Herman Kahn (* 15. Februar 1922 in Bayonne, New Jersey; † 7. Juli 1983 in Chappaqua, New York) war ein US-amerikanischer Nuklearstratege, Kybernetiker und Futurologe.

Kahn wuchs in einer jüdischen Familie im Stadtteil Bronx von New York City auf. Nach der Scheidung seiner Eltern zog er nach Los Angeles um und immatrikulierte sich an der University of California, Los Angeles (UCLA) mit dem Hauptfach Physik. Im Zweiten Weltkrieg trat er in die United States Army ein und diente als Telefonist in Burma.

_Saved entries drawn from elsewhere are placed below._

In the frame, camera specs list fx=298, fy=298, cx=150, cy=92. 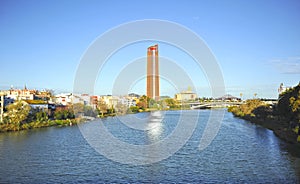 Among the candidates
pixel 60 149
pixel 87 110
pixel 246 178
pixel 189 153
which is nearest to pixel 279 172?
pixel 246 178

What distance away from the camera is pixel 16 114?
8.66 m

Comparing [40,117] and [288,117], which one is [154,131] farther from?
[40,117]

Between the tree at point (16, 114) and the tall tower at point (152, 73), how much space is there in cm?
1313

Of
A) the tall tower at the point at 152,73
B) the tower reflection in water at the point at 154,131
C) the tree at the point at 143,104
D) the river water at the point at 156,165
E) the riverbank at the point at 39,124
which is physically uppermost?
the tall tower at the point at 152,73

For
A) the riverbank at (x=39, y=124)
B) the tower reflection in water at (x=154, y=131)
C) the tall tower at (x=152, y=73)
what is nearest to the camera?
the tower reflection in water at (x=154, y=131)

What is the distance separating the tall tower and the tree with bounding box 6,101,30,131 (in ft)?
43.1

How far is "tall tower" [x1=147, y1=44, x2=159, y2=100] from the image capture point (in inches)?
873

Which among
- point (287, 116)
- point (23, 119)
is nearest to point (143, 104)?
point (23, 119)

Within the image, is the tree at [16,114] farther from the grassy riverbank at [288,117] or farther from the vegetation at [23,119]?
the grassy riverbank at [288,117]

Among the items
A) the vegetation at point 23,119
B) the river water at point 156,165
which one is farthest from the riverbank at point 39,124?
the river water at point 156,165

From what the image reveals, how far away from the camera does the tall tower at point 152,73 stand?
22.2 metres

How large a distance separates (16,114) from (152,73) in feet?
45.1

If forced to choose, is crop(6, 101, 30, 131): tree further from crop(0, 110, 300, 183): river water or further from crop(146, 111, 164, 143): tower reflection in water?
crop(146, 111, 164, 143): tower reflection in water

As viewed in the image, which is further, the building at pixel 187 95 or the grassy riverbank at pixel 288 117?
the building at pixel 187 95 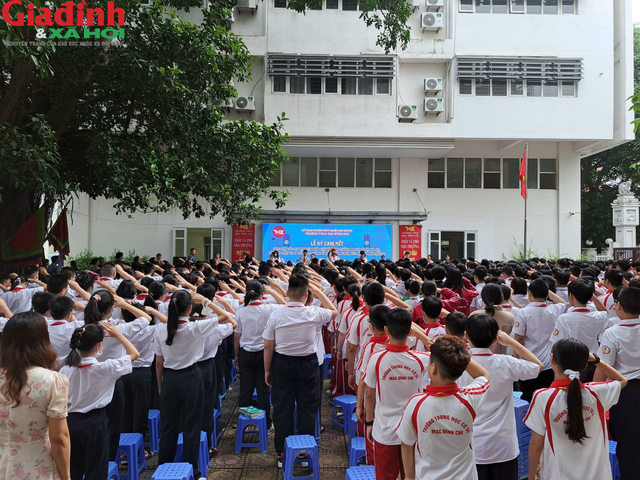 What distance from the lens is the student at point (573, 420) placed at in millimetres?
2307

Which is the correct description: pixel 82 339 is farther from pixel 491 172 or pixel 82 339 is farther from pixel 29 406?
pixel 491 172

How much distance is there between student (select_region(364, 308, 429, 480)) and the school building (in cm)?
Answer: 1347

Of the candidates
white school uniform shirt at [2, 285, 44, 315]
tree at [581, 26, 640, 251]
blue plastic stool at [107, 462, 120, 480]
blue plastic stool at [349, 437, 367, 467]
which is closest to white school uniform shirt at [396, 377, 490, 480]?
blue plastic stool at [349, 437, 367, 467]

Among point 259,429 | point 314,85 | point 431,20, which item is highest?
point 431,20

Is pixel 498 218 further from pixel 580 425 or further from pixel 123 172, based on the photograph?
pixel 580 425

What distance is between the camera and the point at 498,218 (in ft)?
58.6

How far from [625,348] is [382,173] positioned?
1494 centimetres

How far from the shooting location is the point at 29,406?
2150 mm

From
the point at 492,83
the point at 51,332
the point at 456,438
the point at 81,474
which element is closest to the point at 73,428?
the point at 81,474

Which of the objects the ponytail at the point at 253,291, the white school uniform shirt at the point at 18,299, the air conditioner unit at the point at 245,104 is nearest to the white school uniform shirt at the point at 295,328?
the ponytail at the point at 253,291

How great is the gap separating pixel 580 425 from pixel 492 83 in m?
16.4

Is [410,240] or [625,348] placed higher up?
[410,240]

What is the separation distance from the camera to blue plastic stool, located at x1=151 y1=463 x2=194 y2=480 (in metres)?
2.81

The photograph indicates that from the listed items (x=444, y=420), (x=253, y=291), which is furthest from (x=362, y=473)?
(x=253, y=291) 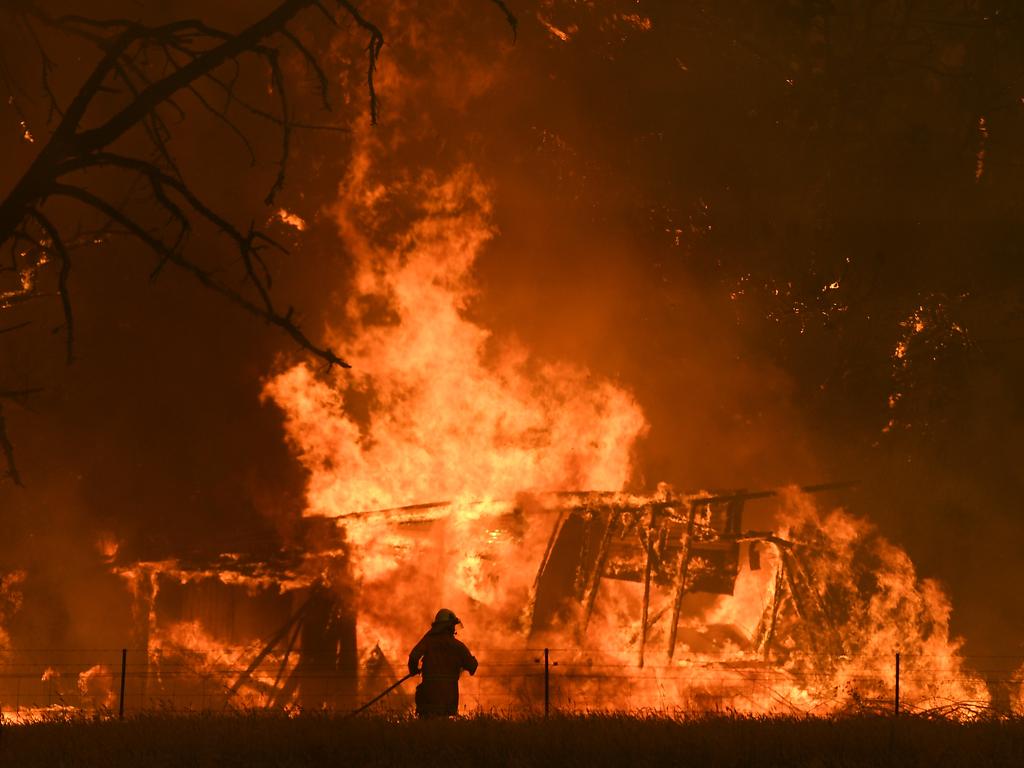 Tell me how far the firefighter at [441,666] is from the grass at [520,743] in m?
1.54

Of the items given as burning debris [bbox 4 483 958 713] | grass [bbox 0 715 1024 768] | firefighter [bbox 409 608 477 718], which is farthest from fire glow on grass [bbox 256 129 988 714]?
grass [bbox 0 715 1024 768]

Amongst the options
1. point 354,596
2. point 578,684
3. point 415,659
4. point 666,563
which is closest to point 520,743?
point 415,659

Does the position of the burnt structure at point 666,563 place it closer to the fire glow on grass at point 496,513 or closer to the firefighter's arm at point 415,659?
the fire glow on grass at point 496,513

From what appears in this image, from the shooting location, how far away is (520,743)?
704 centimetres

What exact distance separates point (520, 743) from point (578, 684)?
27.3 ft

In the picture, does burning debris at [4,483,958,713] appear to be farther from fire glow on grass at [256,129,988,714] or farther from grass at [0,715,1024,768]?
grass at [0,715,1024,768]

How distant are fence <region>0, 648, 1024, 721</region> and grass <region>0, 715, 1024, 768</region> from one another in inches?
287

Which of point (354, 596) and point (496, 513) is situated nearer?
point (354, 596)

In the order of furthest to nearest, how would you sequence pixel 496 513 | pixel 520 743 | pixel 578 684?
pixel 496 513
pixel 578 684
pixel 520 743

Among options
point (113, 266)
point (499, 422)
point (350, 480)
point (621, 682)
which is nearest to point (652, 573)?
point (621, 682)

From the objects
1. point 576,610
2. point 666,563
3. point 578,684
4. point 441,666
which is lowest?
point 578,684

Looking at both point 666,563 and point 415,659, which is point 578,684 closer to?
point 666,563

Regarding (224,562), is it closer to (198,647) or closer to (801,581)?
(198,647)

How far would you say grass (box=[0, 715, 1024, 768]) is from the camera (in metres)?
6.73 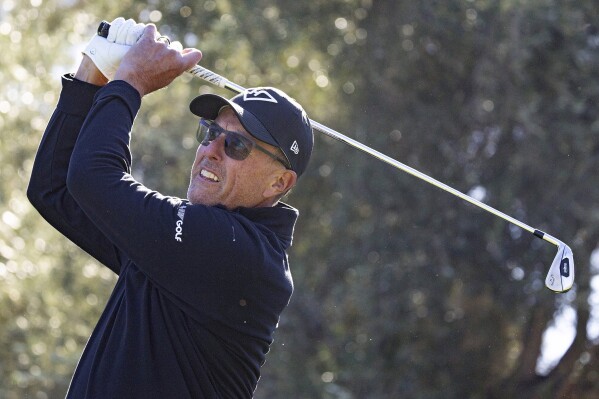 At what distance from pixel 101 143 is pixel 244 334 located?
664mm

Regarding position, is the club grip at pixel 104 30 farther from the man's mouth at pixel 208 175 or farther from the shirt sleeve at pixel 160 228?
the man's mouth at pixel 208 175

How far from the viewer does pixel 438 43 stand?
34.8ft

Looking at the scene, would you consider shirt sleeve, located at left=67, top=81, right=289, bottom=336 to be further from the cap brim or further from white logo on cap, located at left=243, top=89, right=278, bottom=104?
white logo on cap, located at left=243, top=89, right=278, bottom=104

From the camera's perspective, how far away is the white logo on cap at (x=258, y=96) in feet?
10.7

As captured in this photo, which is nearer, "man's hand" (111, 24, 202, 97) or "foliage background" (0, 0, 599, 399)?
"man's hand" (111, 24, 202, 97)

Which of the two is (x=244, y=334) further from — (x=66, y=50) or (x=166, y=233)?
(x=66, y=50)

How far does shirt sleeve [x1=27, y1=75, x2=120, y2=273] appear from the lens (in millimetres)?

Im Jahr 1945 nahm er sein Studium wieder auf. Er erwarb einen Bachelor-Abschluss an der UCLA und beabsichtigte eine Promotion im Fach Physik am California Institute of Technology (Cal Tech). Indes musste er sein Studium wegen finanzieller Schwierigkeiten mit einem Master-Grad beenden und versuchte sich dann ohne große Begeisterung als Immobilienmakler. Bald erhielt er eine Stelle bei der RAND-Corporation (Research And Development, wörtlich „Forschung und Entwicklung“), der seinerzeit führenden strategischen Denkfabrik.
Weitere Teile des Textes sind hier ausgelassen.